YOUR TASK: Transcribe the stretch of entries below from the line with "Made America ..." through the line with "Podemos llegar a", exactly and with both ends included; leave out all other lines.

(GIVEN RECORDS)

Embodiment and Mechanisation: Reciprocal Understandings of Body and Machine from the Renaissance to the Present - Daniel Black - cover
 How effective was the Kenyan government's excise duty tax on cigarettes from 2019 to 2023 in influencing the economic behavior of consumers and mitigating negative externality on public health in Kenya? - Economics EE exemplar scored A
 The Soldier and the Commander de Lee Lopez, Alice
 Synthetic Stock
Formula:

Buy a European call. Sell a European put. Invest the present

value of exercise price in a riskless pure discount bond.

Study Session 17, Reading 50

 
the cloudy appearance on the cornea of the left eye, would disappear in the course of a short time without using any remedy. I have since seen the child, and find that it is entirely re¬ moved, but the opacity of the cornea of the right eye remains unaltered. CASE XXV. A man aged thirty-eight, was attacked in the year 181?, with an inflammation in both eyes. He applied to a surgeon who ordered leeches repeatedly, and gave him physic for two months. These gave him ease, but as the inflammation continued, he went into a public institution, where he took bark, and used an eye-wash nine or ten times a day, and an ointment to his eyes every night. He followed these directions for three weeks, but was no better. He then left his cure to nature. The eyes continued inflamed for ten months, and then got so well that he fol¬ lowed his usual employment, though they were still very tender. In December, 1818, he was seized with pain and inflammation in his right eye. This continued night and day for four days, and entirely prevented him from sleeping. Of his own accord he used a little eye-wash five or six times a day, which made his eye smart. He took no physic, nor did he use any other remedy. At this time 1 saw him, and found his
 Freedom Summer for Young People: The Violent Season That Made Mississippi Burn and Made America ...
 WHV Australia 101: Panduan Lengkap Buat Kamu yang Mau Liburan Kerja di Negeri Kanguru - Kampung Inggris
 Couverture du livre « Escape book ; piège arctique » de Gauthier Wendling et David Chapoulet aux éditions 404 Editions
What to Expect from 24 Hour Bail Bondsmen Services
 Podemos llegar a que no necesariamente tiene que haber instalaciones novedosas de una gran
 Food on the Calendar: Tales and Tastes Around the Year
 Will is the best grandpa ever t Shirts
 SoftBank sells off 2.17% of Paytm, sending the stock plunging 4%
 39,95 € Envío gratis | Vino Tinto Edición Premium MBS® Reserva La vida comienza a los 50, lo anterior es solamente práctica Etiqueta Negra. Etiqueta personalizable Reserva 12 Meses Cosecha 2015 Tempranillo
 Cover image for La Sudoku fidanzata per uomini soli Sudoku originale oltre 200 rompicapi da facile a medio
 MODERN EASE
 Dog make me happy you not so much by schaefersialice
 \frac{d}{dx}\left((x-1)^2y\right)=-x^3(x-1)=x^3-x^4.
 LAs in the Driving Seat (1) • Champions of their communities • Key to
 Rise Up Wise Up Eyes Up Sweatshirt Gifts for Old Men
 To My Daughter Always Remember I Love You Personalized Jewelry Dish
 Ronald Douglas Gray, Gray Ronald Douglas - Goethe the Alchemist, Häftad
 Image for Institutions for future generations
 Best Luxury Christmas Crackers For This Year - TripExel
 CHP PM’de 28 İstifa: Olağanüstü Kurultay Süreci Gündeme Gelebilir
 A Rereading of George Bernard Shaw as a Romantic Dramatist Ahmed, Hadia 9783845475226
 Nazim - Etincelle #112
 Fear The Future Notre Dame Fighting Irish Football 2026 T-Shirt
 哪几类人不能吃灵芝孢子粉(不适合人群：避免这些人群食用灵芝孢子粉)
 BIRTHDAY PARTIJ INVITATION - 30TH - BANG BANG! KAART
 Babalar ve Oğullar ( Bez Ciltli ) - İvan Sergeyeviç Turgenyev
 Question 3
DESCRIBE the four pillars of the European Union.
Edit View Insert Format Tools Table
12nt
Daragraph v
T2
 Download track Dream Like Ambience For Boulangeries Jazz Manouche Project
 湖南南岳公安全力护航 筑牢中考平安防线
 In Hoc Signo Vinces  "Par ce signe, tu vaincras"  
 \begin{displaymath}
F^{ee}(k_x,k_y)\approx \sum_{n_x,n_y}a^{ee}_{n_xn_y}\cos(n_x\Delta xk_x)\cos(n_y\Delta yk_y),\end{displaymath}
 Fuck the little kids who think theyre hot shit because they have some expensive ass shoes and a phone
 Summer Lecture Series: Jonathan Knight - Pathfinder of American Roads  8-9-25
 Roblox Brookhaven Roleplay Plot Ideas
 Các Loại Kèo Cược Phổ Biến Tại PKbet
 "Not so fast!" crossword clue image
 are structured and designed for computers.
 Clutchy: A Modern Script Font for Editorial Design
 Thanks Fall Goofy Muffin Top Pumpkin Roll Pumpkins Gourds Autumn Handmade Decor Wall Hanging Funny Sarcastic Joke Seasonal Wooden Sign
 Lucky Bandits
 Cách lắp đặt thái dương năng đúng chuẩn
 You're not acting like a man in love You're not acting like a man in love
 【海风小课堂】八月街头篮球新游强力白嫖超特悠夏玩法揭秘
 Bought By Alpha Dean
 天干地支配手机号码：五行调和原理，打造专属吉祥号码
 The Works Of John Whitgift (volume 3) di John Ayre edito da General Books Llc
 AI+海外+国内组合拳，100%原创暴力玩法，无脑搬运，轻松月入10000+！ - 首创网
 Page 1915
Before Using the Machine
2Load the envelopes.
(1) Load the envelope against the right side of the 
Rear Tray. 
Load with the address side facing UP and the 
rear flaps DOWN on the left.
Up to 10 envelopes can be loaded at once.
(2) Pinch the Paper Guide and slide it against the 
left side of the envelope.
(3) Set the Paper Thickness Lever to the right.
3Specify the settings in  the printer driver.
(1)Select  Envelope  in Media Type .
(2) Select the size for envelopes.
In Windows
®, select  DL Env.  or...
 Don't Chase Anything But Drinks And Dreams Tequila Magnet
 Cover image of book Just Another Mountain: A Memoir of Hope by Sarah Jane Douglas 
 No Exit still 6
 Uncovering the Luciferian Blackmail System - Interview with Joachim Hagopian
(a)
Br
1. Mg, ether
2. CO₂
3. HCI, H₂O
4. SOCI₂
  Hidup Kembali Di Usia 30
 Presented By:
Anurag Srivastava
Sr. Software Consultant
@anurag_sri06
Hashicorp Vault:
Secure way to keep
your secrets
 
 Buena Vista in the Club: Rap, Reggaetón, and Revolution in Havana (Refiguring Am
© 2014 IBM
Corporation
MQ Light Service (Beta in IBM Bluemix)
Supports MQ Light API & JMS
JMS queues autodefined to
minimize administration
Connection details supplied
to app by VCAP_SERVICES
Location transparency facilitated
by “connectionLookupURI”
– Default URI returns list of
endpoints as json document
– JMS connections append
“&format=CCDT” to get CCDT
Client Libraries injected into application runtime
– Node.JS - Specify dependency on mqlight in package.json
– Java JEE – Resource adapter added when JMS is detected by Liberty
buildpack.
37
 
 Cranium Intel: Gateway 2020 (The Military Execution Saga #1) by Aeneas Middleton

(End GIVEN RECORDS)

EXERCISE ANSWER:
 Freedom Summer for Young People: The Violent Season That Made Mississippi Burn and Made America ...
 WHV Australia 101: Panduan Lengkap Buat Kamu yang Mau Liburan Kerja di Negeri Kanguru - Kampung Inggris
 Couverture du livre « Escape book ; piège arctique » de Gauthier Wendling et David Chapoulet aux éditions 404 Editions
What to Expect from 24 Hour Bail Bondsmen Services
 Podemos llegar a que no necesariamente tiene que haber instalaciones novedosas de una gran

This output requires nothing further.